TASK INPUTS:
========================================================================
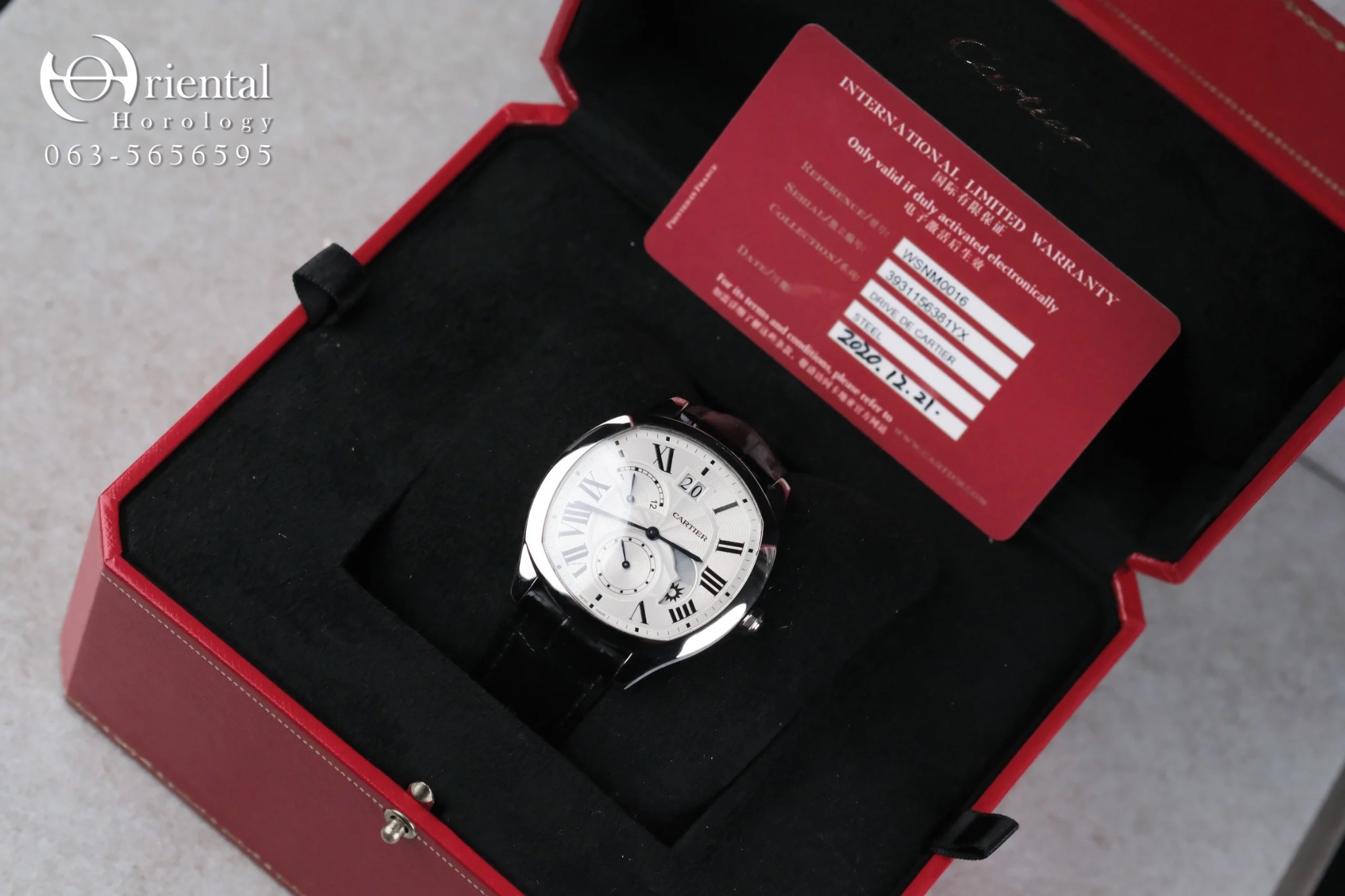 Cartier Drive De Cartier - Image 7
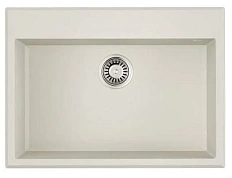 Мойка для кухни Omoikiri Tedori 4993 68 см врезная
========================================================================
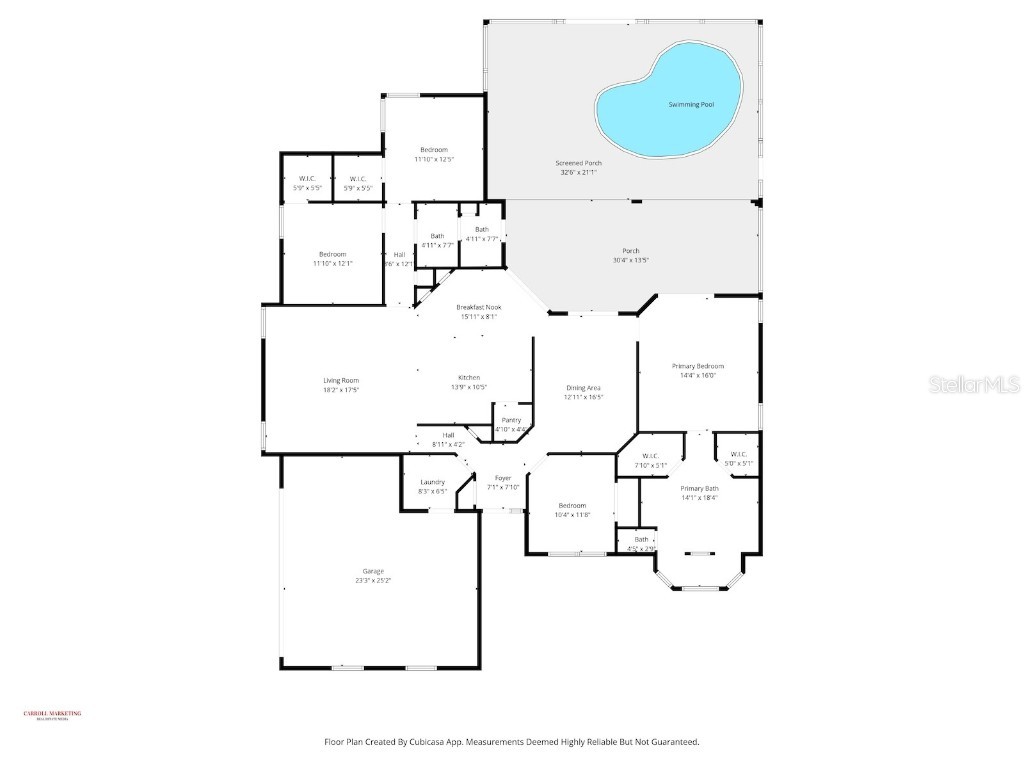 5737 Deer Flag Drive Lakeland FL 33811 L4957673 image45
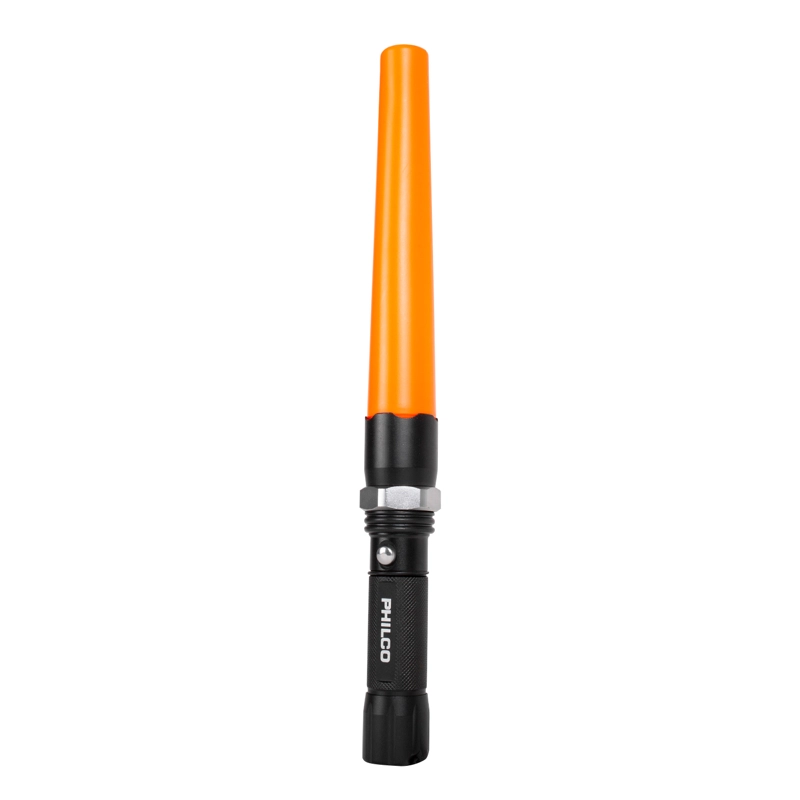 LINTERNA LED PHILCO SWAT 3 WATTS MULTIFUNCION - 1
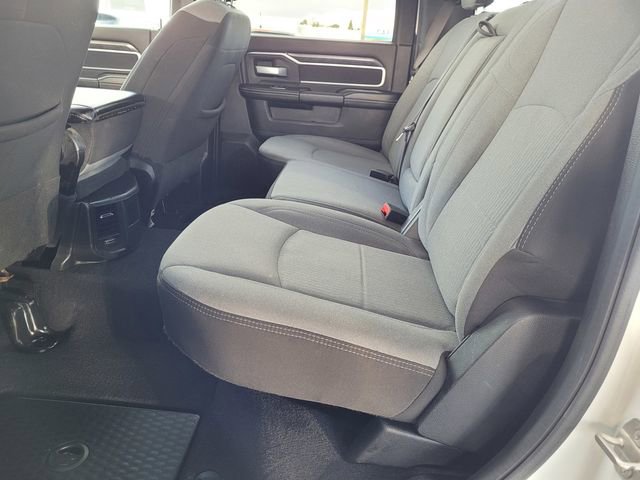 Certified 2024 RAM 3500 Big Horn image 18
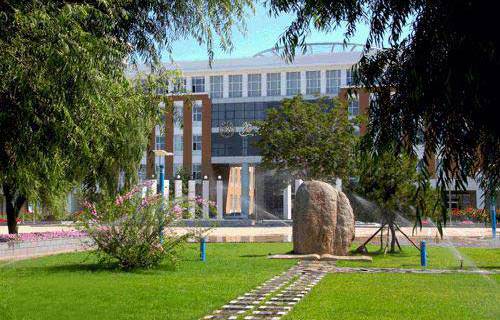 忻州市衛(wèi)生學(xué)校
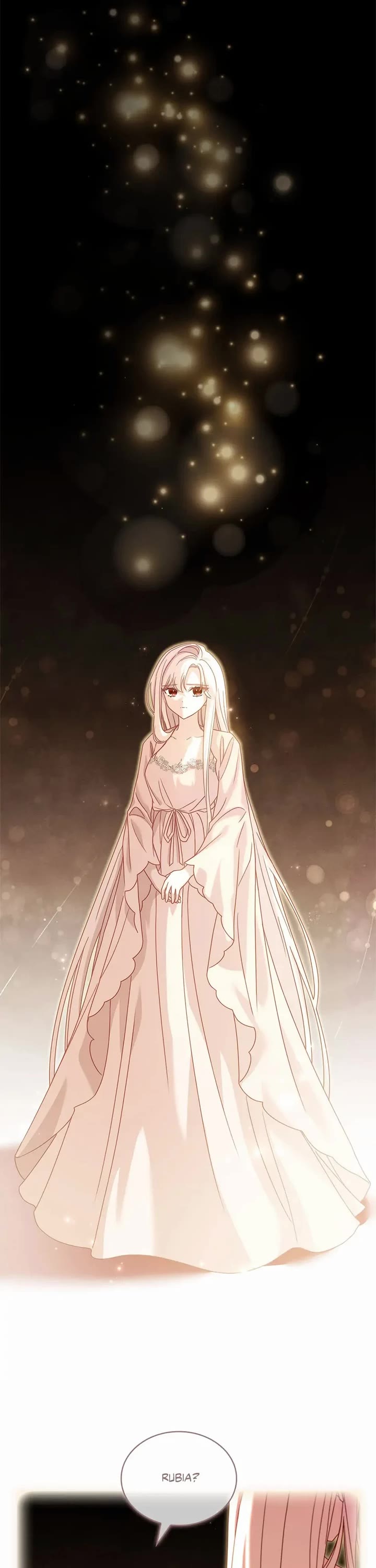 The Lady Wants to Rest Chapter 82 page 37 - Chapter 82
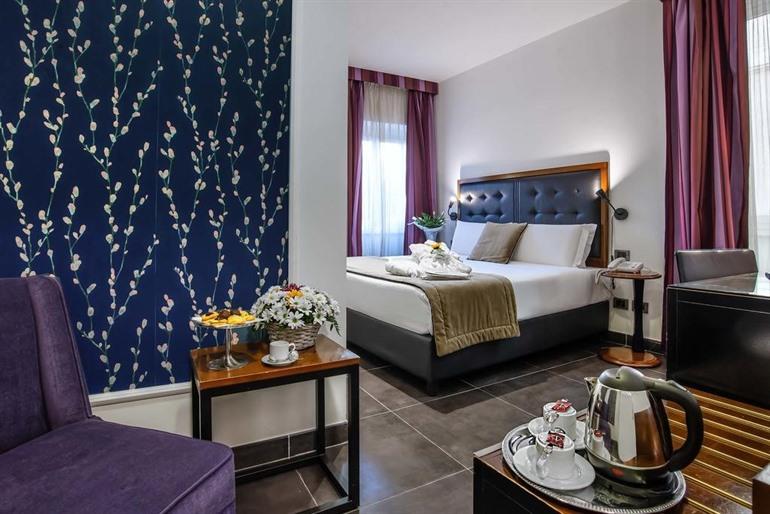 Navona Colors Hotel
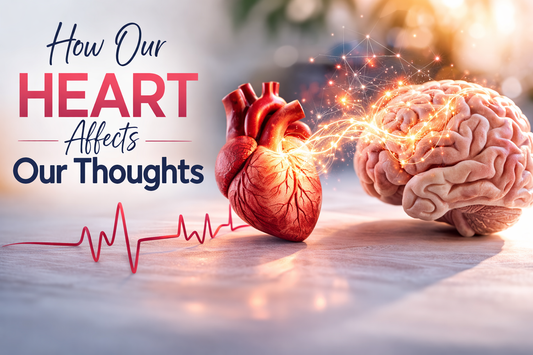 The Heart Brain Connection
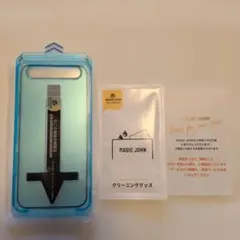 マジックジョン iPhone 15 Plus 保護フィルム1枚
========================================================================
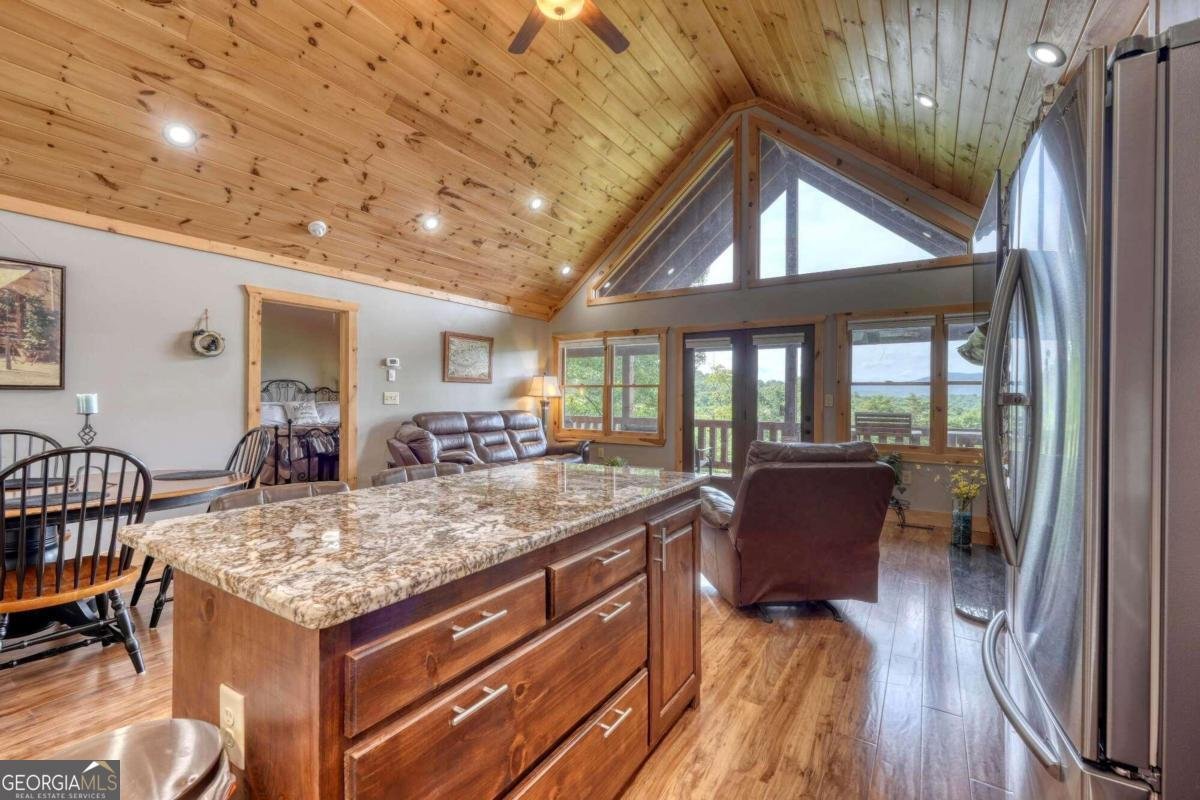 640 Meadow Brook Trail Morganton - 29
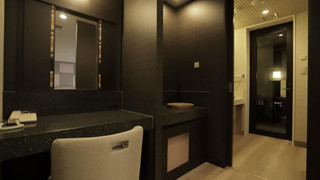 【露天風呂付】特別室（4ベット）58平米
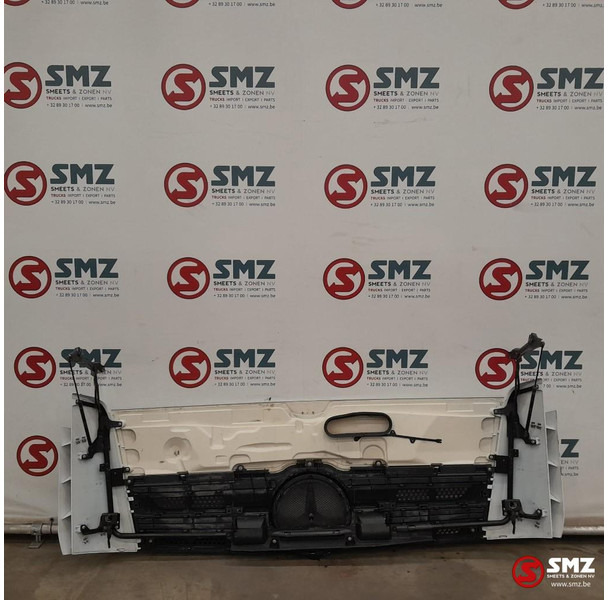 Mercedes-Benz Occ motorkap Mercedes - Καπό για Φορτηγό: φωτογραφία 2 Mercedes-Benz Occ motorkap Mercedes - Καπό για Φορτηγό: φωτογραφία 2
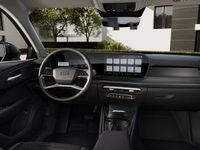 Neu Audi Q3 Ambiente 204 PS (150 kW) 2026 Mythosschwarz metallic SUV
========================================================================
Above are records; repeat only the lines from the line with "Cartier Drive De Cartier - Image 7" through the line with "Мойка для кухни", and leave pictures out.

TASK RESULT:
 Cartier Drive De Cartier - Image 7
 Мойка для кухни Omoikiri Tedori 4993 68 см врезная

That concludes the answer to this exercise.